**Records:**
******************************
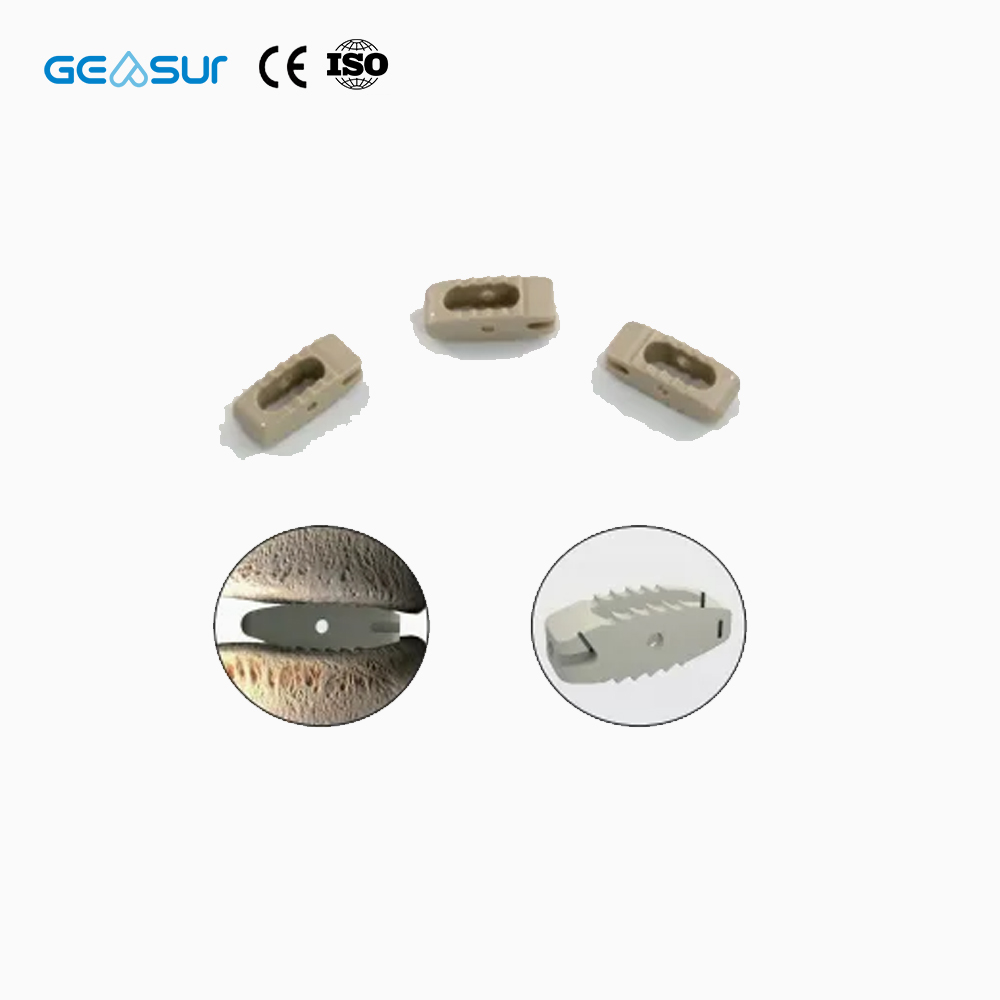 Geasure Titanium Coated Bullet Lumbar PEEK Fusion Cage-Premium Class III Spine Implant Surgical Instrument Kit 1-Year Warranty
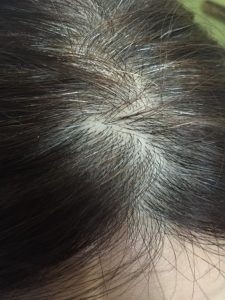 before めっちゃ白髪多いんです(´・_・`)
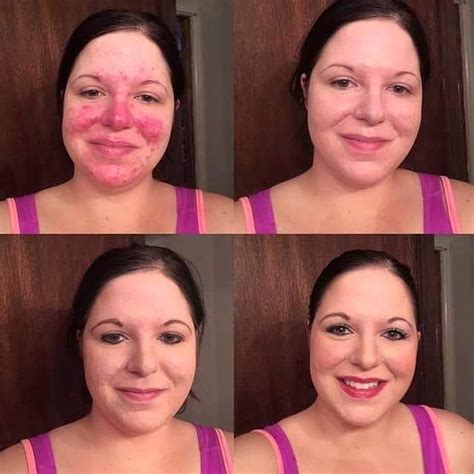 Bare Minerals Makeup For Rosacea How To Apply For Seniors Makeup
******************************
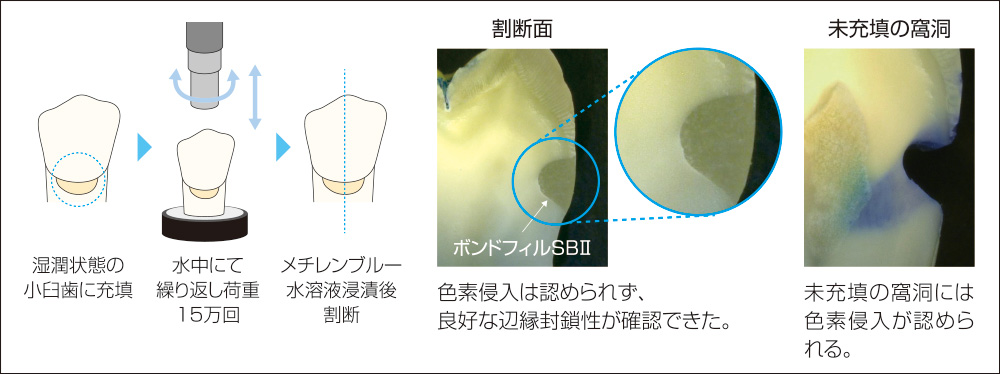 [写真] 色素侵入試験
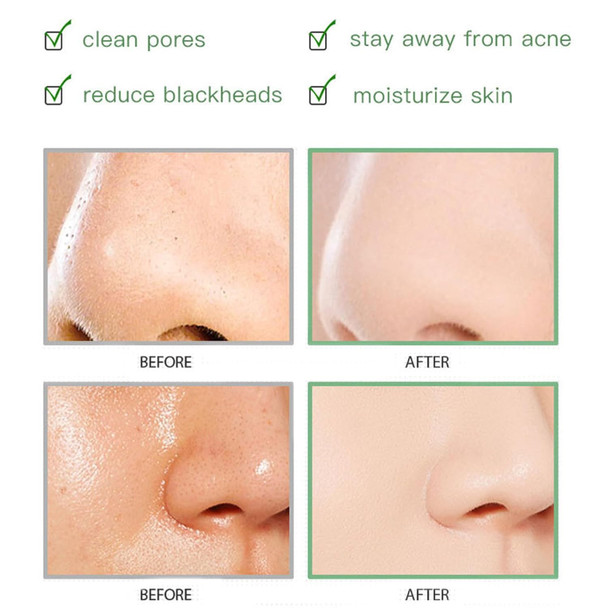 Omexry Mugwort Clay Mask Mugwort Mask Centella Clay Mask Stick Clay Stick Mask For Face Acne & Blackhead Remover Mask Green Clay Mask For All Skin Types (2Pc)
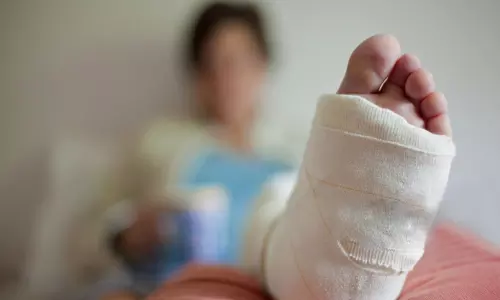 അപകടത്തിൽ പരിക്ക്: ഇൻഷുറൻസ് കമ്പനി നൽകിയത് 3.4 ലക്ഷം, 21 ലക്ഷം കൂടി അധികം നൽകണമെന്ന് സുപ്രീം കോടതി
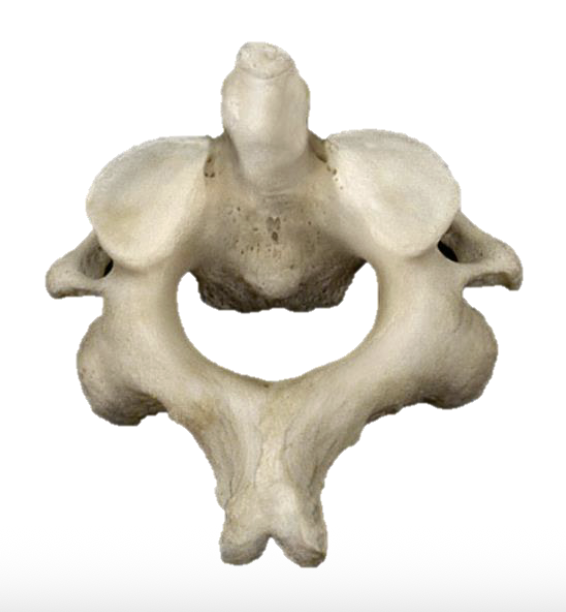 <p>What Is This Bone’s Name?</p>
******************************
**Work to complete:** Look above for the line with "Geasure Titanium Coated", then give again exactly every line from there through the line with "Bare Minerals Makeup", skipping the pictures.

**Exercise solution:**
 Geasure Titanium Coated Bullet Lumbar PEEK Fusion Cage-Premium Class III Spine Implant Surgical Instrument Kit 1-Year Warranty
 before めっちゃ白髪多いんです(´・_・`)
 Bare Minerals Makeup For Rosacea How To Apply For Seniors Makeup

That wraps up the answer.